Various treatment options have been reported for traumatic cerebral aneurysms, including endovascular treatment.[ 3 , 6 ] Initially, we planned to trap the dissected area under STA-M2 double-barrel bypass. However, the actual laceration was limited to the superior wall of the M2 superior trunk, which was much shorter than we had expected preoperatively. Therefore, trapping was performed only for the lacerated area on the M2 superior trunk with preservation of the M2 inferior trunk and antegrade blood flow from M1 to the M2 inferior trunk. Although the M2 inferior trunk origin was slightly stenosed, the bypass of the M2 inferior trunk was not performed [ Figure 3b ].
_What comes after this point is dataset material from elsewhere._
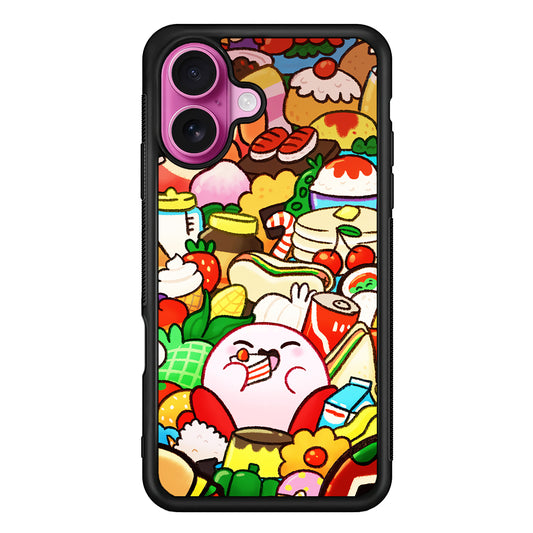 Kirby and a Stack of Food iPhone 17 Case | Slim Protective Rubber Phone Cover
Traumatic cerebral aneurysms are common in the ICA and vertebral arteries and have also been reported in the cortical branches of the anterior cerebral artery and MCA.[ 5 , 7 , 10 , 13 ] However, traumatic cerebral aneurysms occurring at the proximal MCA have rarely been reported.[ 7 ] The mechanism of traumatic aneurysm formation is thought to be movement of the intracranial vessel and impact against adjacent rigid structures, such as the cerebral flax, skull, and dura mater.[ 9 ] We identified a developed sphenoid ridge during craniotomy that was located near the M1-M2 bifurcation [ Figure 4a ]. We speculate that this rigid structure may have been associated with the development of the proximal MCA aneurysm in our case.

CONCLUSION

In cases of unreasonably thick SAH or extensive cerebral vasospasm after head trauma, continuous neurovascular evaluation is mandatory to detect late emergence of traumatic pseudoaneurysms, even if no vascular abnormalities are detected in the primary neurovascular evaluation. Immediate surgical intervention is necessary once a traumatic cerebral aneurysm is confirmed.

Declaration of patient consent

The authors certify that they have obtained all appropriate patient consent.

Financial support and sponsorship

Nil.

Conflicts of interest

There are no conflicts of interest.

Disclaimer

The views and opinions expressed in this article are those of the authors and do not necessarily reflect the official policy or position of the Journal or its management. The information contained in this article should not be considered to be medical advice; patients should consult their own physicians for advice as to their specific medical needs.